> Exercise requirements
Retype the material that follows exactly, limited to the lines from the one with "Santo Domingo Oeste" through the one with "428 West State", and keep out all pictures.

> Data to process
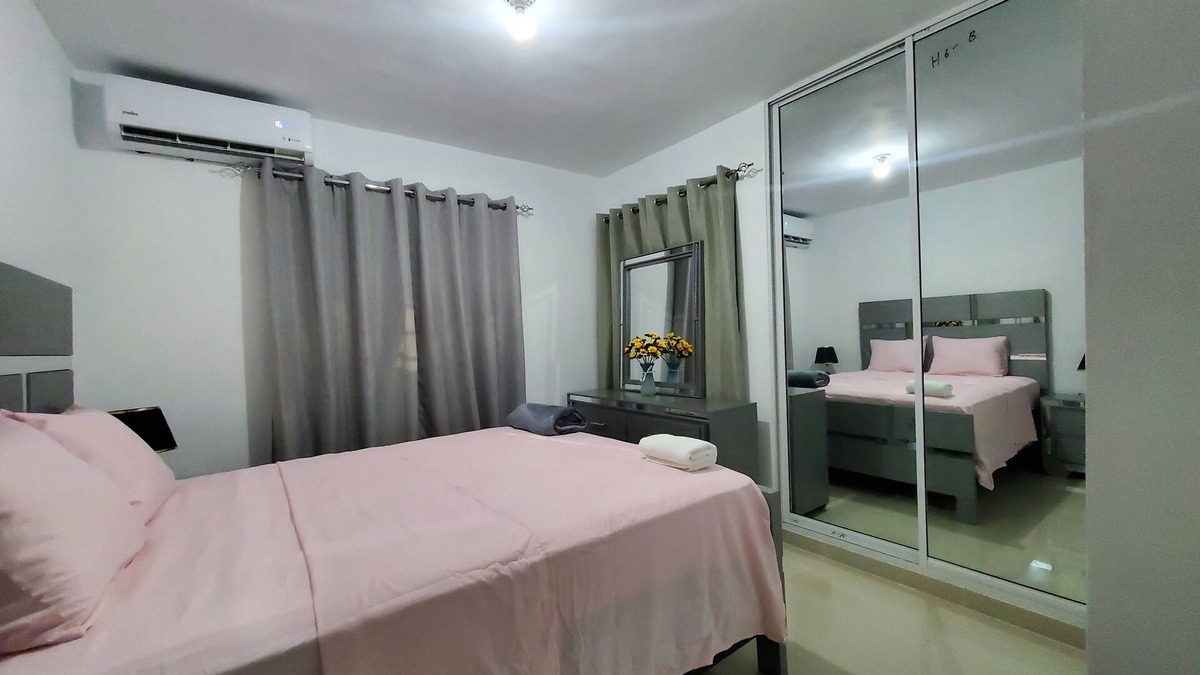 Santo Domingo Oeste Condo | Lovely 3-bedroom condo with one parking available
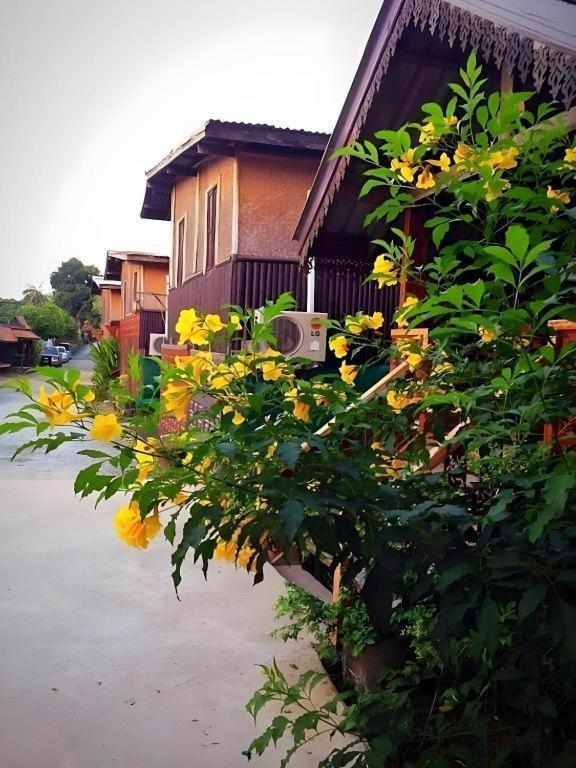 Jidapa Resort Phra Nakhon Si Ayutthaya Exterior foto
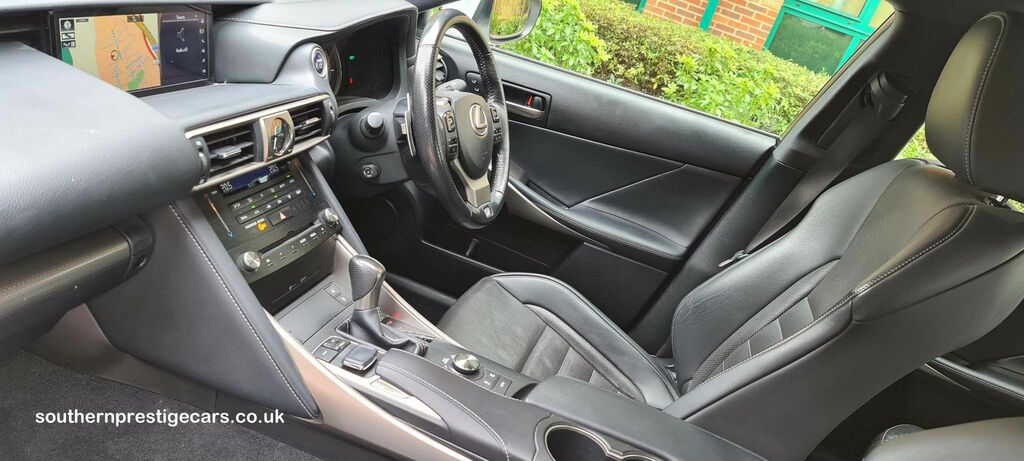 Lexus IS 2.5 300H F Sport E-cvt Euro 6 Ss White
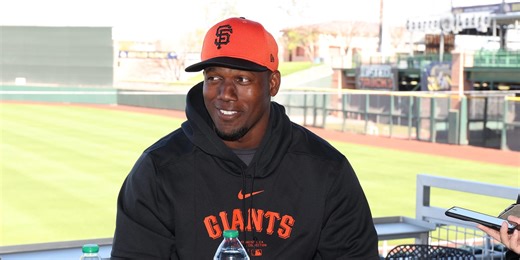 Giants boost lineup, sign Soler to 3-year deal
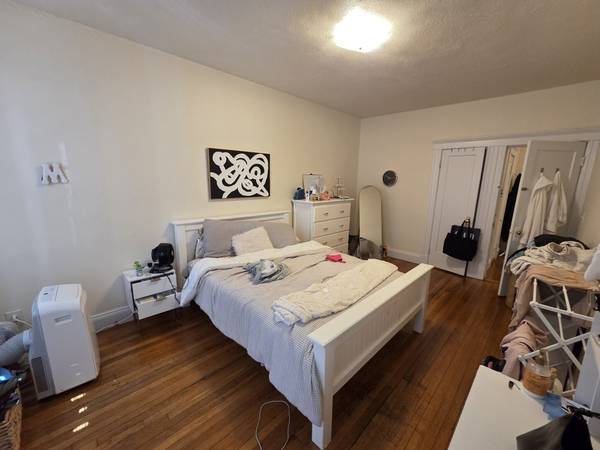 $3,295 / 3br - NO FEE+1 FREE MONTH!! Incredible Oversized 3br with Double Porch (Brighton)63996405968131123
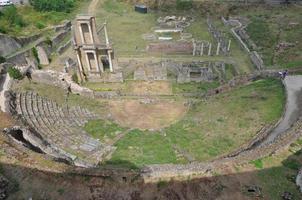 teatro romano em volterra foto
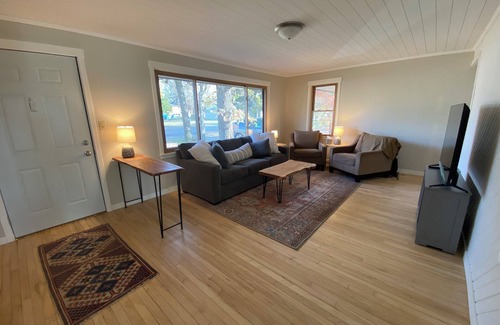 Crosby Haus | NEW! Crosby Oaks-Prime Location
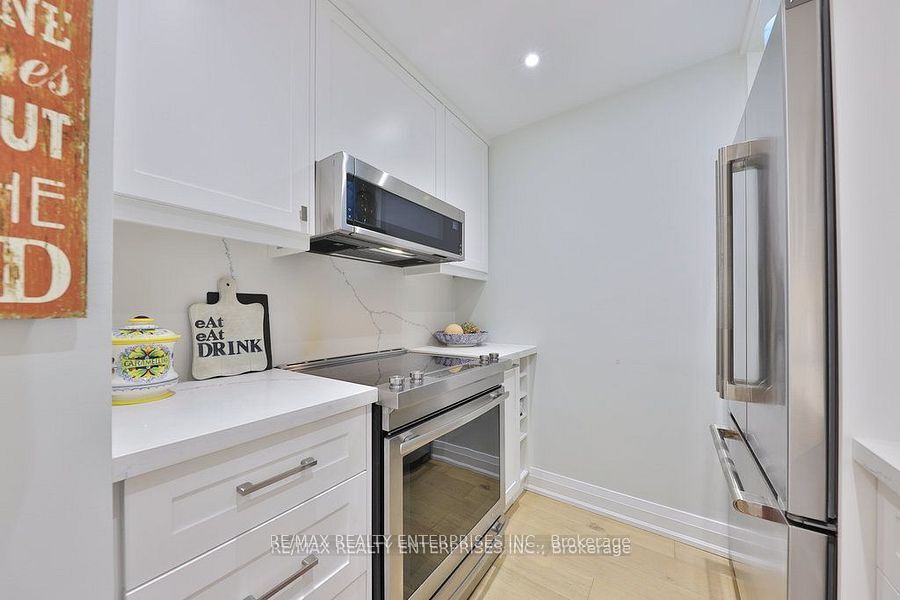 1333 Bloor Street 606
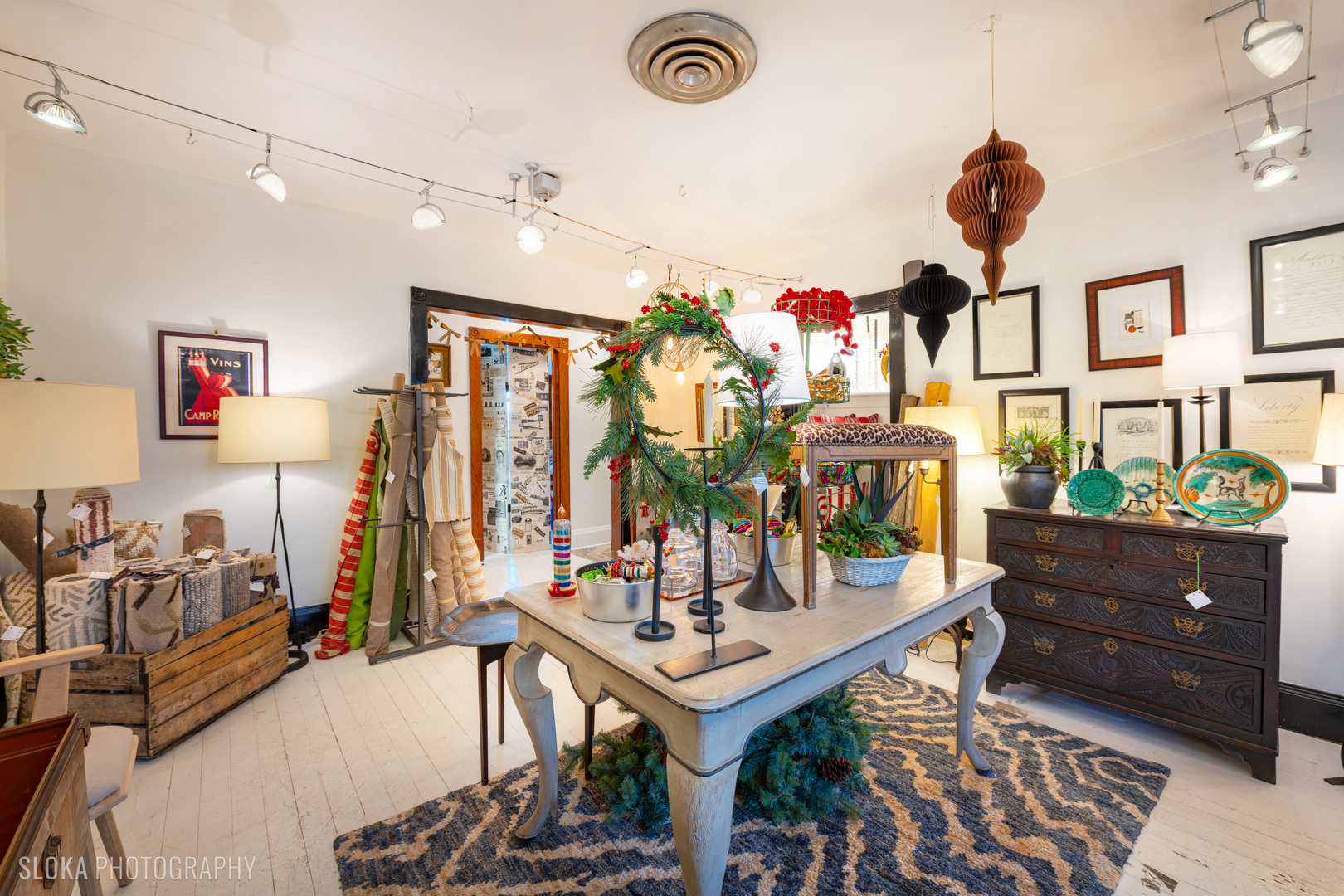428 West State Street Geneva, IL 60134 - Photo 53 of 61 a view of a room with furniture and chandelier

* * *

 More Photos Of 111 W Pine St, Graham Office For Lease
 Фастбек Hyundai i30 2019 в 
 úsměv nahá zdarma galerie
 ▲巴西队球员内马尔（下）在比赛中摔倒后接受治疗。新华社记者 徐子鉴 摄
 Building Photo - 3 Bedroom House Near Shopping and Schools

> Task answer
 Santo Domingo Oeste Condo | Lovely 3-bedroom condo with one parking available
 Jidapa Resort Phra Nakhon Si Ayutthaya Exterior foto
 Lexus IS 2.5 300H F Sport E-cvt Euro 6 Ss White
 Giants boost lineup, sign Soler to 3-year deal
 $3,295 / 3br - NO FEE+1 FREE MONTH!! Incredible Oversized 3br with Double Porch (Brighton)63996405968131123
 teatro romano em volterra foto
 Crosby Haus | NEW! Crosby Oaks-Prime Location
 1333 Bloor Street 606
428 West State Street Geneva, IL 60134 - Photo 53 of 61 a view of a room with furniture and chandelier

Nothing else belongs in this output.